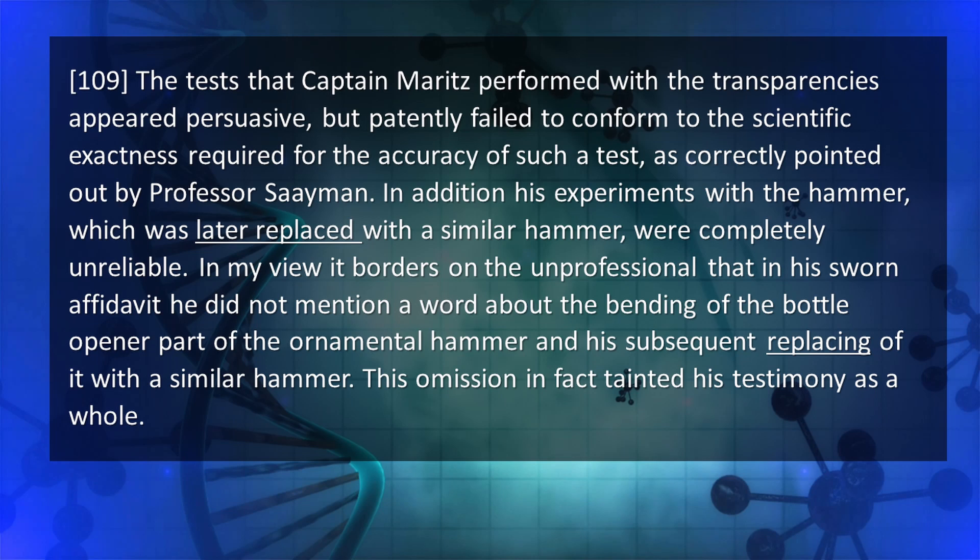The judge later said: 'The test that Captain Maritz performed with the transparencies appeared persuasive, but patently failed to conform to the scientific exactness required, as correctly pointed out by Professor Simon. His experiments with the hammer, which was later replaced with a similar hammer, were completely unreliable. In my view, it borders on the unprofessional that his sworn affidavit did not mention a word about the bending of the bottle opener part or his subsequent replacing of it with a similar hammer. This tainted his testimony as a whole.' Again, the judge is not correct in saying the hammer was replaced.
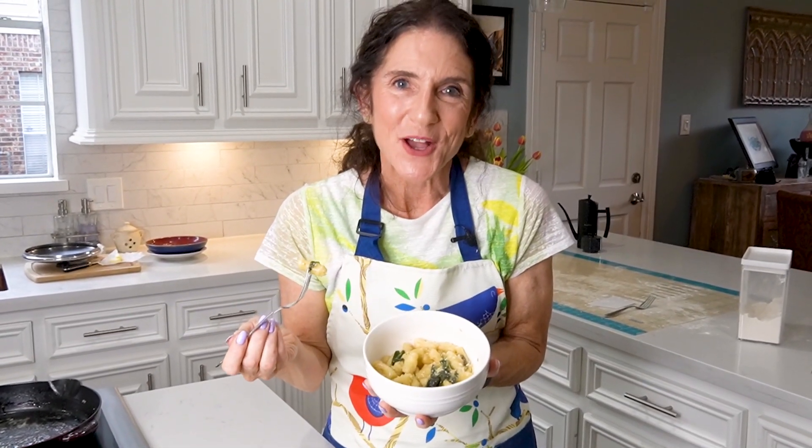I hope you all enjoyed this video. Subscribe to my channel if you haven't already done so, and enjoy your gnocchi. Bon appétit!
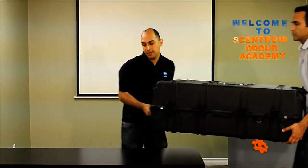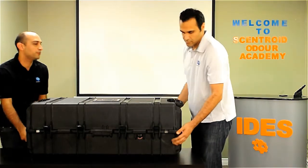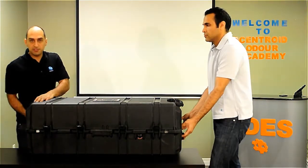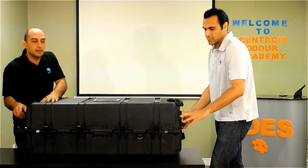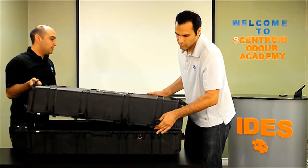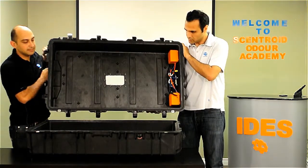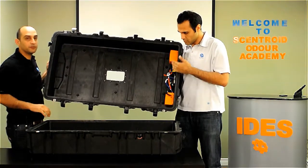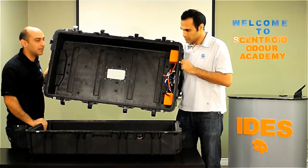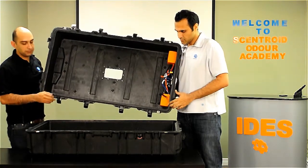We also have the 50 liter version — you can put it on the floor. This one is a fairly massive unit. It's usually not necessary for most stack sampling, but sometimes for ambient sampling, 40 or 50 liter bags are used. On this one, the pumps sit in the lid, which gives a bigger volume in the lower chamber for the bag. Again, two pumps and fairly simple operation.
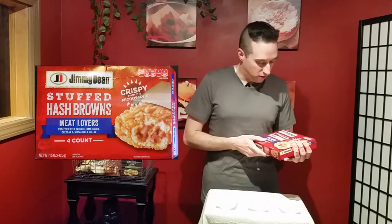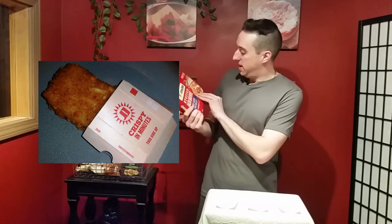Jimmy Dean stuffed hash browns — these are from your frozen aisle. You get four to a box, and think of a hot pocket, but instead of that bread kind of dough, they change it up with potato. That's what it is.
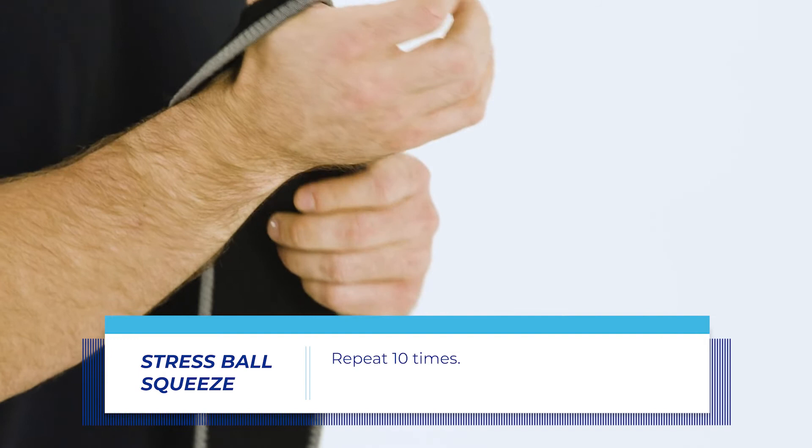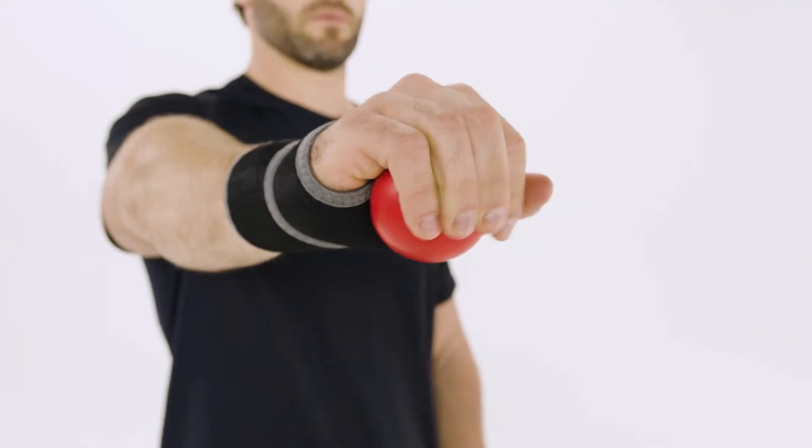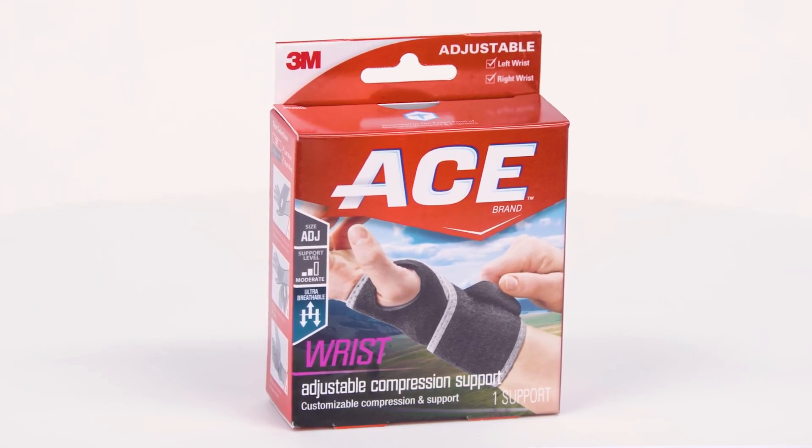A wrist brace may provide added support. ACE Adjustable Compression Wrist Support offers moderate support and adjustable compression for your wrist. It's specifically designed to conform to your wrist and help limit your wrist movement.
---
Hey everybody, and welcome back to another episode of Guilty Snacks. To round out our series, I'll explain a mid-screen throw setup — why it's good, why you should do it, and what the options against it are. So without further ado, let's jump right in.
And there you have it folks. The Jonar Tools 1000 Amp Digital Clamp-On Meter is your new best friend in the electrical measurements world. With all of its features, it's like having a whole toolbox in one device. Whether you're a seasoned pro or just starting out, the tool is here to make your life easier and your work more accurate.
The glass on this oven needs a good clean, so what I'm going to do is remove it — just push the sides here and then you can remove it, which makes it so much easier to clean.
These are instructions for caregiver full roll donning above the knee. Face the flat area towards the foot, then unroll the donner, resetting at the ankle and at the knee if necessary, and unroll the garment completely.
* * *
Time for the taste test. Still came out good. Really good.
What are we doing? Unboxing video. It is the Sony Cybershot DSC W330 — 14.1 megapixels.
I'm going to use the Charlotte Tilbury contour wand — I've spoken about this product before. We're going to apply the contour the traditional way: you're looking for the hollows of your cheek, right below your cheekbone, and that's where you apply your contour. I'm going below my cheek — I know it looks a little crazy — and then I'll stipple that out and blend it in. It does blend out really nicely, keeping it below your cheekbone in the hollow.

● Exercise requirements
Copy only what lies between the line with "We also have" and the line with "Jimmy Dean stuffed", those two lines included, exactly as given above; pictures stay out.

● Reply
We also have the 50 liter version — you can put it on the floor. This one is a fairly massive unit. It's usually not necessary for most stack sampling, but sometimes for ambient sampling, 40 or 50 liter bags are used. On this one, the pumps sit in the lid, which gives a bigger volume in the lower chamber for the bag. Again, two pumps and fairly simple operation.
Jimmy Dean stuffed hash browns — these are from your frozen aisle. You get four to a box, and think of a hot pocket, but instead of that bread kind of dough, they change it up with potato. That's what it is.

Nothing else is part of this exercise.